URBANA, Ill. – During the chilly, dreary winter months, I enjoy my green houseplants that add a bright spot in my office and living space. So when I was visiting a new specialty plant shop this fall, I had to add a new plant friend, “Ping,” to my collection.

If you have ever dealt with annoying fungus gnats that have crept into your houseplant’s space, you should try a Pinguicula or commonly named butterwort. Butterworts are carnivorous plants commonly referred to as “Pings” from their scientific name Pinguicula gigantea. This plant was found in Oaxaca, Mexico, by the famous botanist Alfred Lau. These carnivorous plants have been found to grow in zones 7 to 10 outdoors.

What are carnivorous plants?

These unique plants are defined by their ability to trap, kill, and digest their prey and then use the nutrients from the captured insects. Prey are lured to the plant by a specialized rosette or succulent leaves that function like flypaper. The leaves have tiny hairs that make a sticky mucus that not only shimmers in the sunlight but produces a fungus or moldy odor that attracts insects. The sticky leaves then trap the prey while the leaf margins slowly roll over the insect. This starts the digestion process.

One bonus of this succulent-like plant is that it produces a vibrant-colored flower from early spring to summer. This flycatcher process is great for smaller insects such as gnats or thrips but is not effective for larger pollinators. Research shows that since bumblebees are larger-bodied insects, they will not be threatened by this plant.

Talk about a cool beginner plant for kids. Who wouldn’t love a plant with gooey leaves and a diet of bugs for dinner?

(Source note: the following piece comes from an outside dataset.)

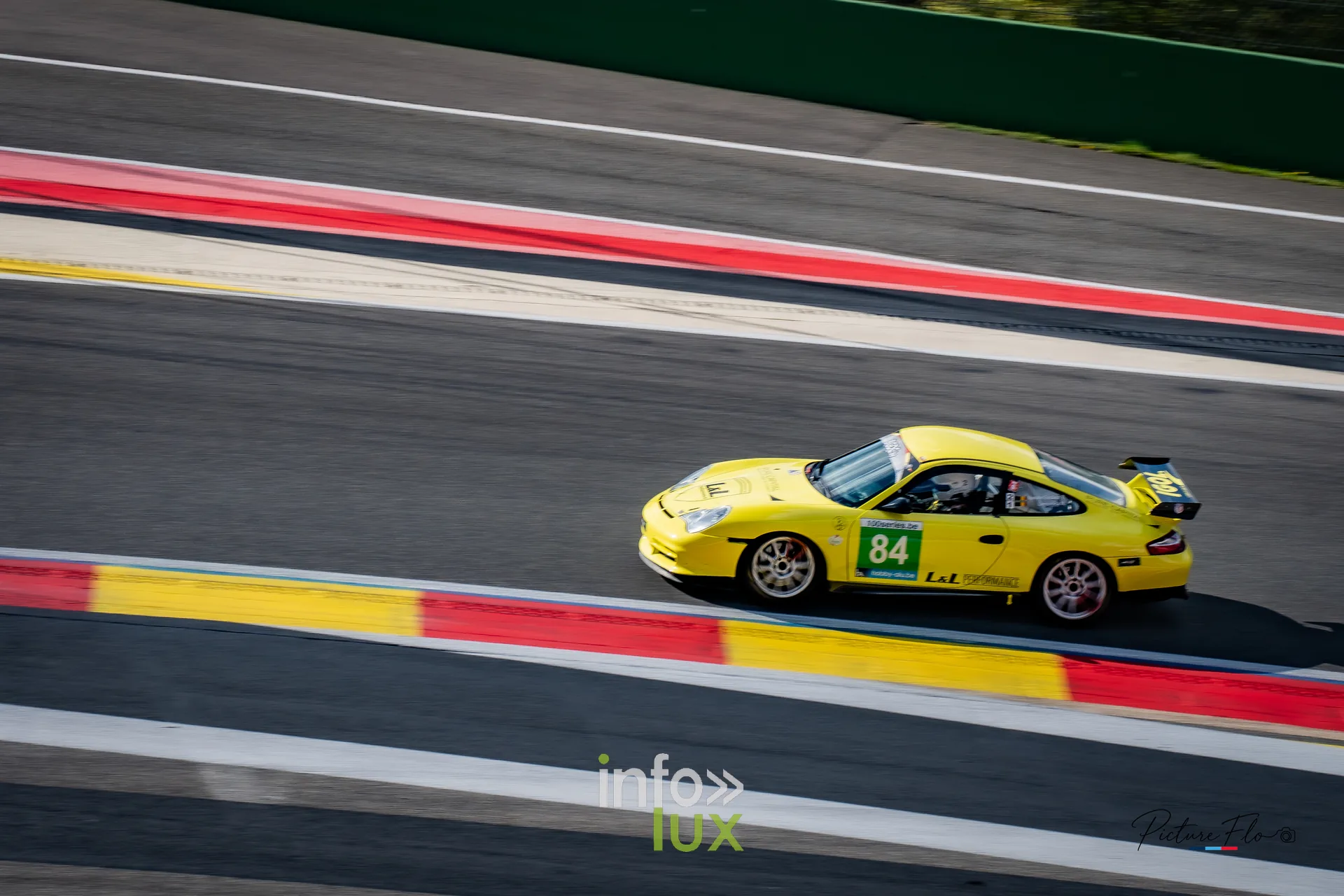 Team 84 au BGDC SuperSpa 2026 à Spa-Francorchamps : la #84 en piste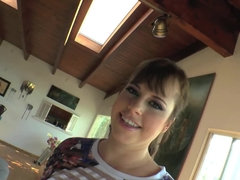 Asiatisch, Arsch, Grosse titten, Blondine, Pummelig, Hochschule, Riesig, Spielzeuge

Carnivorous plant care tips

  • Do not use tap water or well water. Use distilled or rainwater with low mineral water instead.
  • Water using the tray method. Avoid overhead watering of the leaves that may lead to disease issues.
  • “Pings” need high humidity. Using the tray watering method will help with this.
  • Use soil or growing substrate. This is two-parts peat, one-part sand, one-part perlite or vermiculite.
  • In winter, grow indoors with southern exposure light. Use a windowsill or supplemental lighting.
  • Use terrariums with LED lighting and good airflow.
  • Plant in plastic or glazed ceramic containers. Using porous terra cotta pots will make the soil dry out too quickly.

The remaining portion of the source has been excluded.